Certificate of a Judge to the Signature and Attestation of an Officer.

State of California, County of Santa Clara,

I, William H. McKee, judge of the third judicial district of the state of California, in and for the county of Santa Clara, do hereby certify that Austin M. Thompson, by whom the annexed transcript [or record, or copy of, as the case may be], certificate and attestation were made and given, and who in his own proper handwriting has thereunto subscribed his name [where he is an officer having a seal, add, and affixed his official seal], was at the time of so doing, and now is, county recorder, in and for the said county of Santa Clara, state of California, duly commissioned and qualified; to all whose acts as such, full faith and credit are and ought to be given, as well in courts of jurisdiction as elsewhere, and that the said transcript [or record, or copy of, as the case may be], certificate and attestation, are in due form and made by the proper officer.

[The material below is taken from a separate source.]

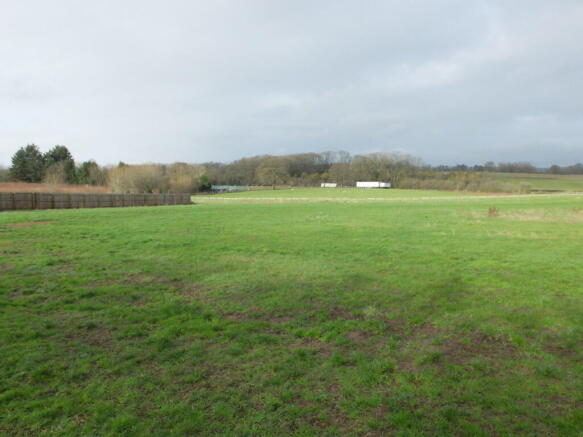 4 bed property, in Land Adjoining The Cottage, £160,000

In witness whereof, I have hereunto set my hand, the tenth day of May, one thousand eight hundred and fifty-nine. WILLIAM H. MCKEE, District Judge.

Certificate of Clerk of Court to the Signature of the Judge.

County of Santa Clara, ss:

I, John B. Hewson, county clerk of the county of Santa Clara, state of California, and ex officio clerk of the district court of the third judicial district, in and for the county of Santa Clara, do hereby certify that the Hon. William McKee, by whom the foregoing attestation was made, and whose genuine signature is subscribed thereto, was at the time of signing the same, and still is, judge of the district court of the third judicial district, in and for the county of Santa Clara, duly commissioned and sworn, to whose acts as such full faith and credit are due.

In witness whereof, I have hereunto set my hand and the seal of said third district court, this tenth day of May, A. D. 1859. [L. S.] JOHN B. HEWSON, Clerk.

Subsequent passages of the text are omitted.